→ **Aim of the exercise**: Retype every record exactly. Skip the images.

→ **Input records**:
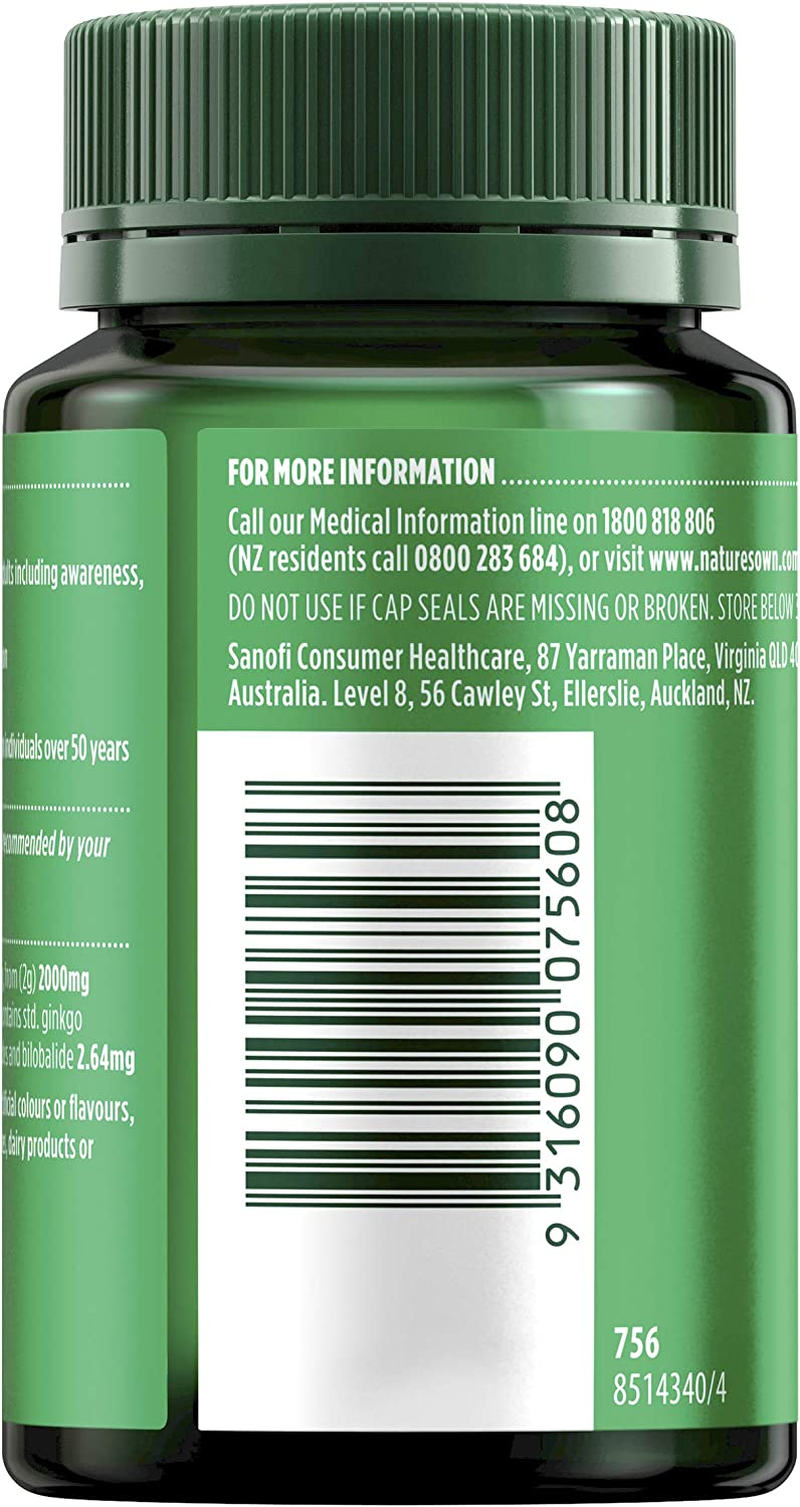 Nature'S Own Ginkgo Biloba 2000Mg Tablets 100 - Reduces Free Radicals Formed in the Body - Supports Cognitive Function, Memory, Recall, & Healthy Blood Circulation - Maintains Circulation image number 2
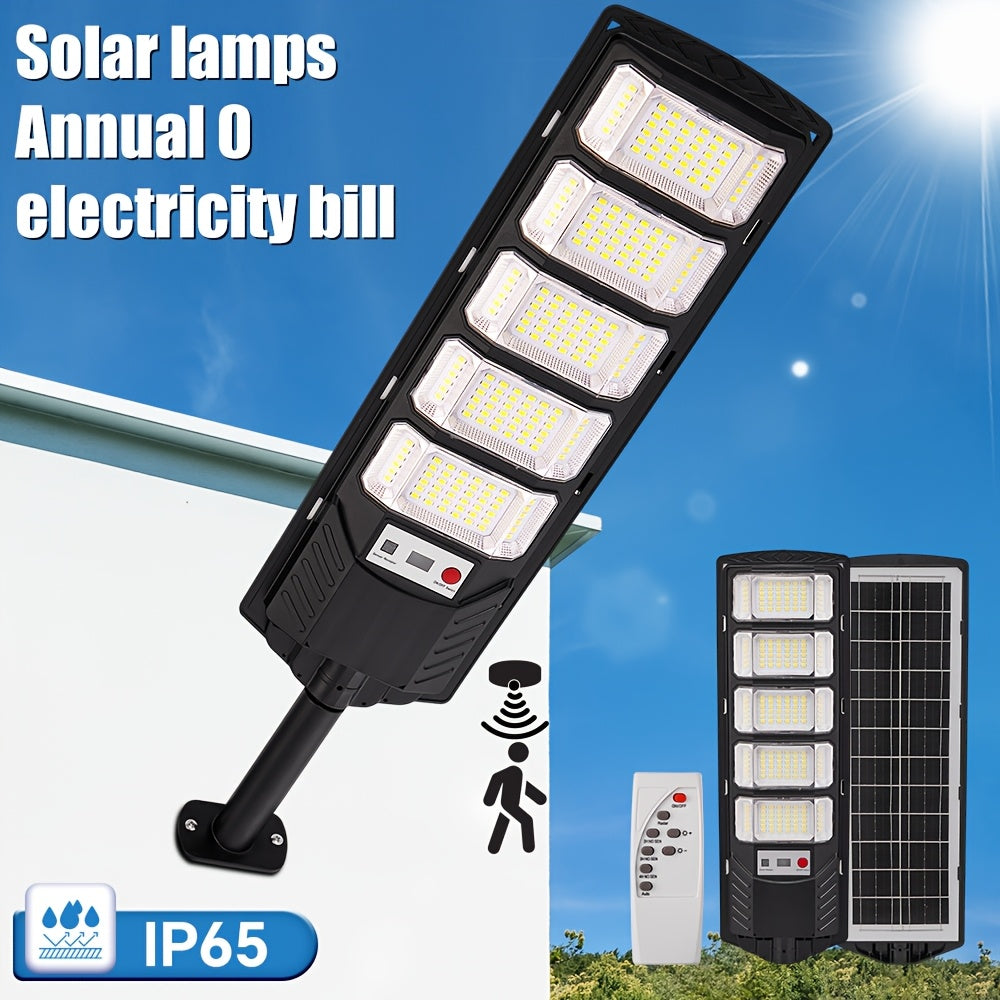 Super Bright Solar Motion Sensor Street Light, High Power LED Solar Outdoor Courtyard Light, with Remote Control and Motion Sensor, Wide Angle Illumination Light, Perfect for Garage, Backyard, Doorway, Street Lighting, Garde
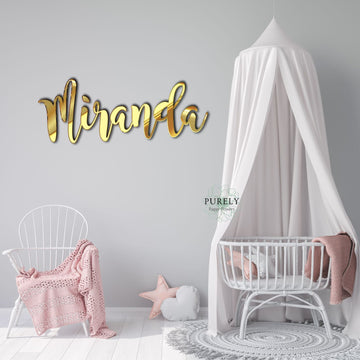 Personalized Gold Laser Cut Name Sign Wall Hanging Letters for Nursery or Bedroom - Wooden Wall Art - Custom Name Cut Out - Personalized Name Miranda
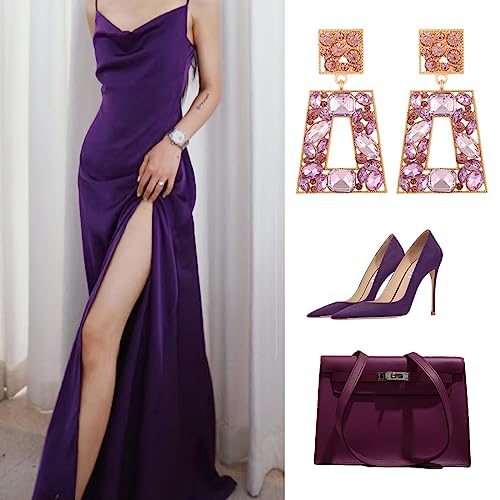 Rhinestone Rectangle Statement Earrings Colorful Crystal Geometric Drop Dangle Earrings for Women Prom Party - color: Purple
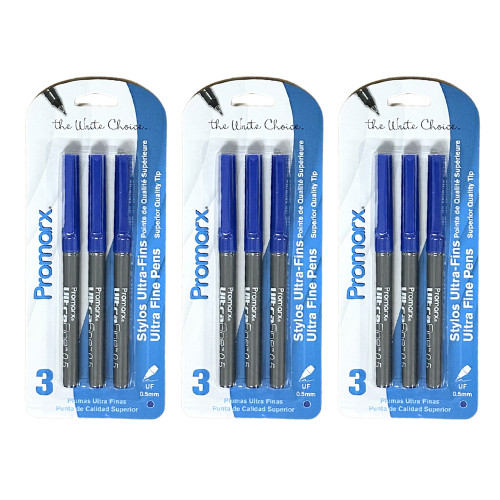 3-Pack Promarx Ultra Fine Pens Precise and Vivid Lines Blue Ink 0.5mm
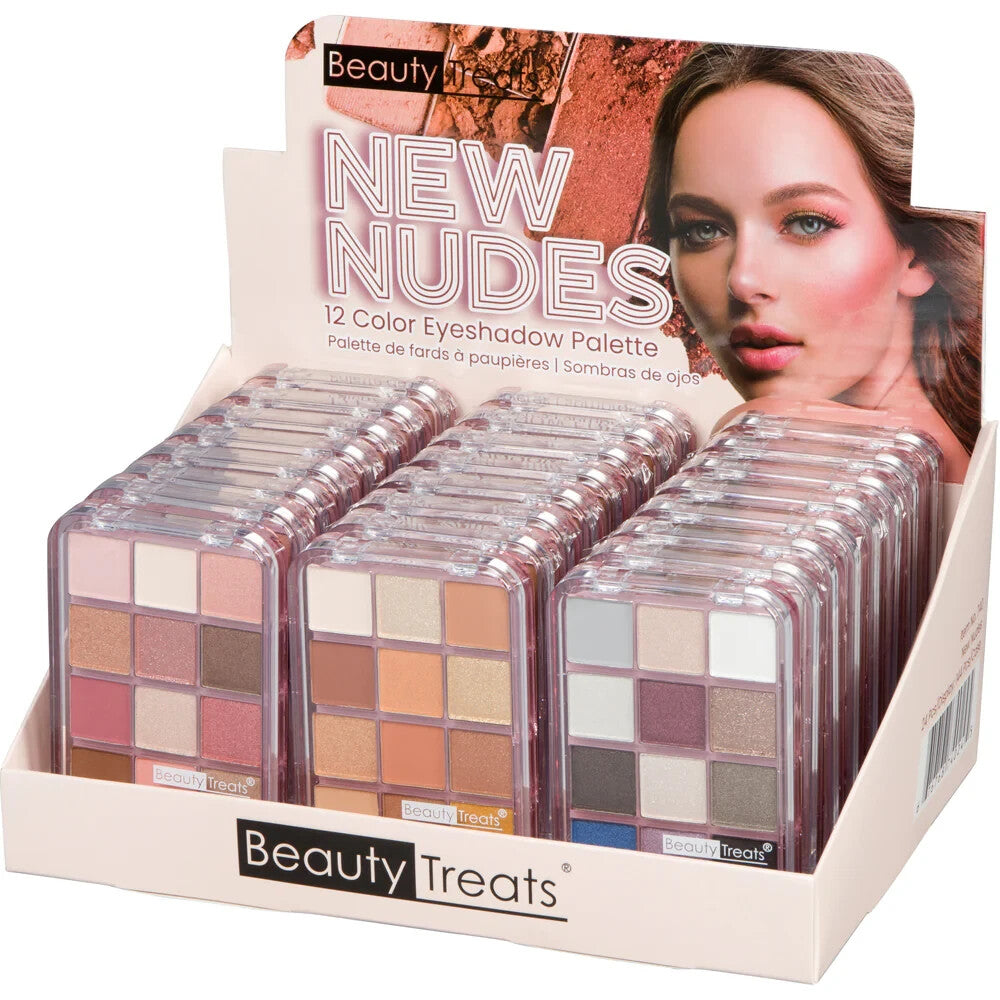 12-Color Eyeshadow Palette with Matte and Shimmery Shades - New Nudes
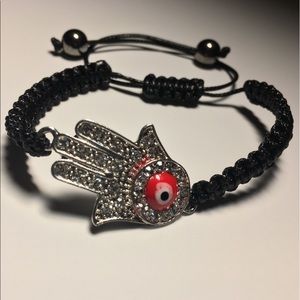 Hamsa Woven Friendship Bracelet (Black)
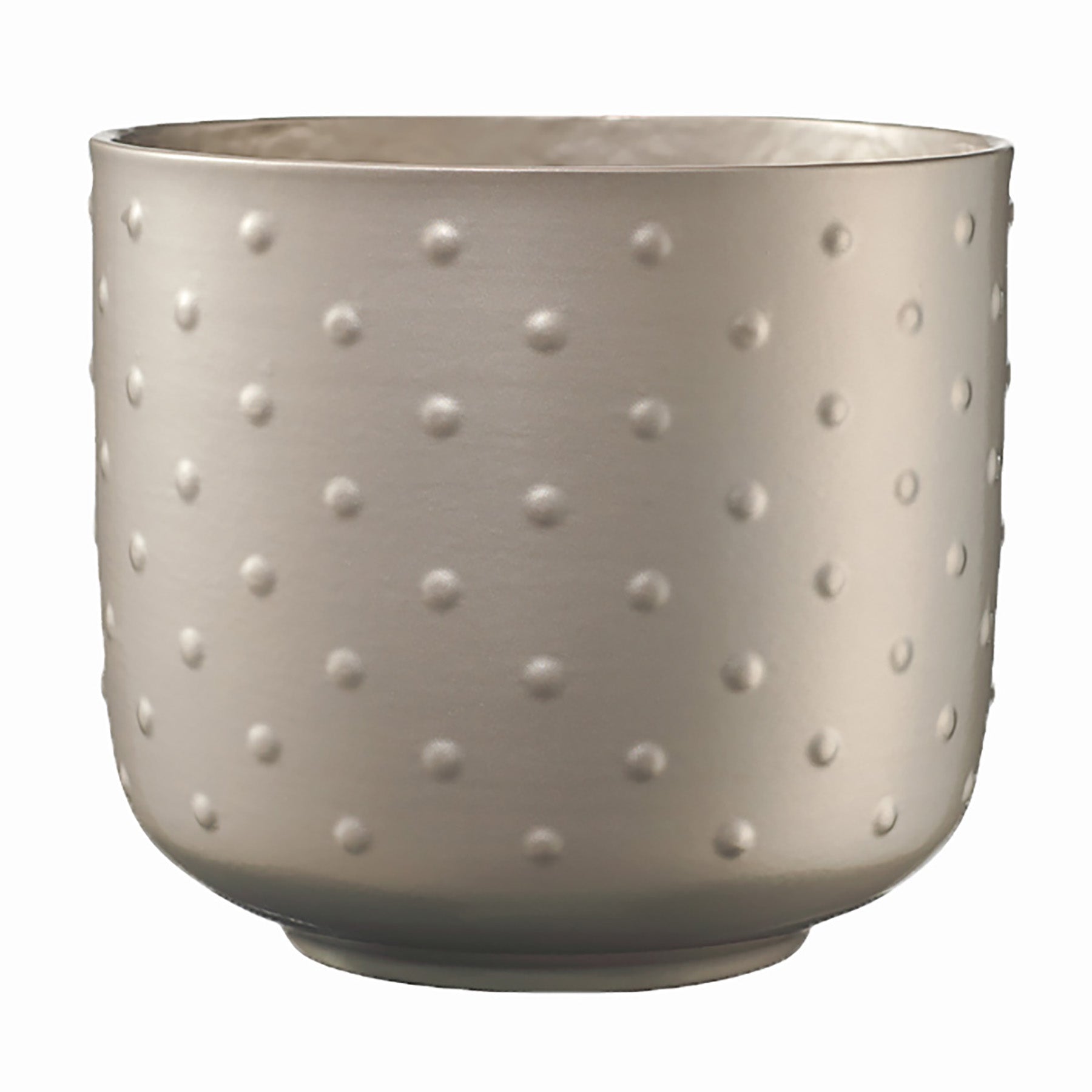 5.1" Gray Beige Metallic Ceramic Baku Glamour Pot
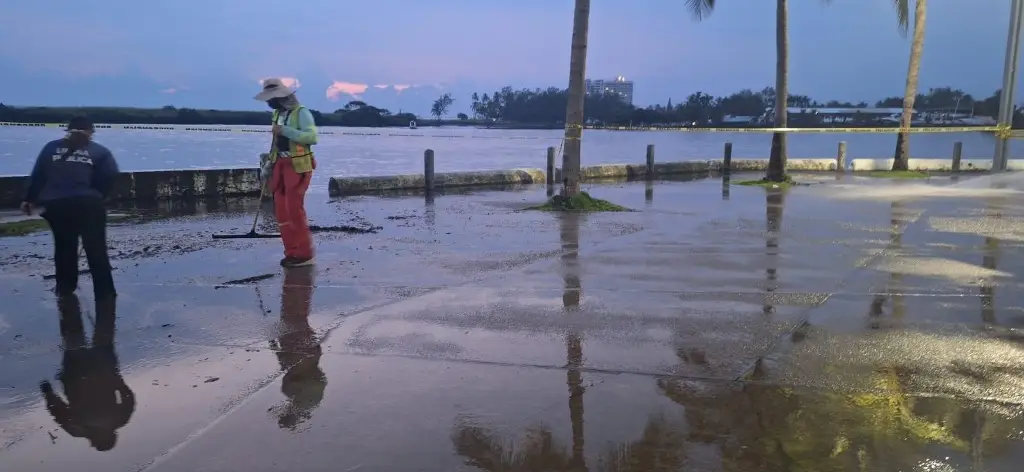 Imagen Limpian Plaza Banderas y calles de Boca del Río tras mar de fondo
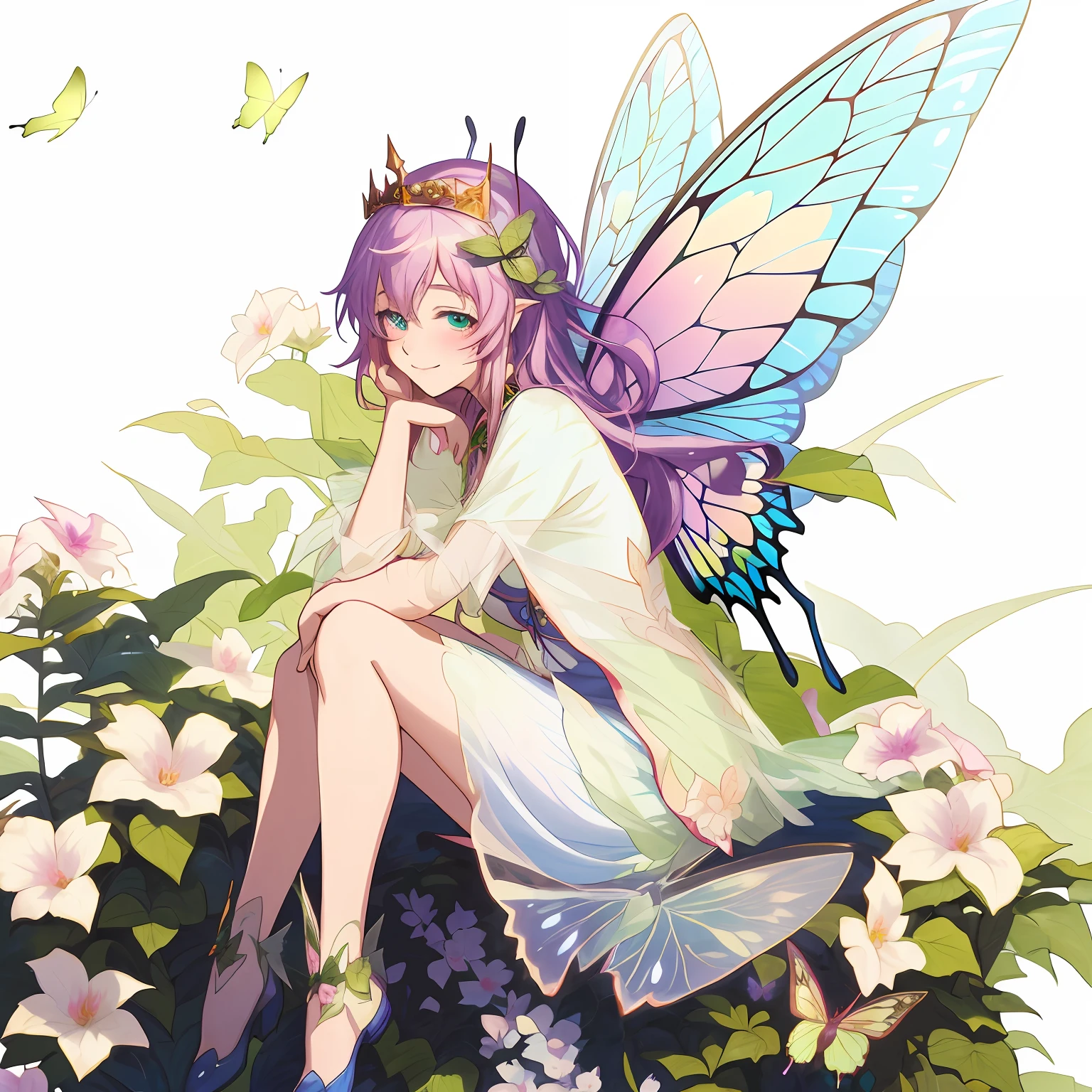 Anime girl with butterfly wings sitting on a flower bush, beautiful fairies, Cute Girl Leprechaun, smiling as a queen of fairies, portrait of fairy, with beautiful wings, faerie, beautiful fantasy anime, beautiful fairies, guweiz, queen of the fairies, beautiful fairies, guweiz on pixiv artstation, portrait of fairy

→ **Solution to the exercise**:
 Nature'S Own Ginkgo Biloba 2000Mg Tablets 100 - Reduces Free Radicals Formed in the Body - Supports Cognitive Function, Memory, Recall, & Healthy Blood Circulation - Maintains Circulation image number 2
 Super Bright Solar Motion Sensor Street Light, High Power LED Solar Outdoor Courtyard Light, with Remote Control and Motion Sensor, Wide Angle Illumination Light, Perfect for Garage, Backyard, Doorway, Street Lighting, Garde
 Personalized Gold Laser Cut Name Sign Wall Hanging Letters for Nursery or Bedroom - Wooden Wall Art - Custom Name Cut Out - Personalized Name Miranda
 Rhinestone Rectangle Statement Earrings Colorful Crystal Geometric Drop Dangle Earrings for Women Prom Party - color: Purple
 3-Pack Promarx Ultra Fine Pens Precise and Vivid Lines Blue Ink 0.5mm
 12-Color Eyeshadow Palette with Matte and Shimmery Shades - New Nudes
 Hamsa Woven Friendship Bracelet (Black)
 5.1" Gray Beige Metallic Ceramic Baku Glamour Pot
 Imagen Limpian Plaza Banderas y calles de Boca del Río tras mar de fondo
 Anime girl with butterfly wings sitting on a flower bush, beautiful fairies, Cute Girl Leprechaun, smiling as a queen of fairies, portrait of fairy, with beautiful wings, faerie, beautiful fantasy anime, beautiful fairies, guweiz, queen of the fairies, beautiful fairies, guweiz on pixiv artstation, portrait of fairy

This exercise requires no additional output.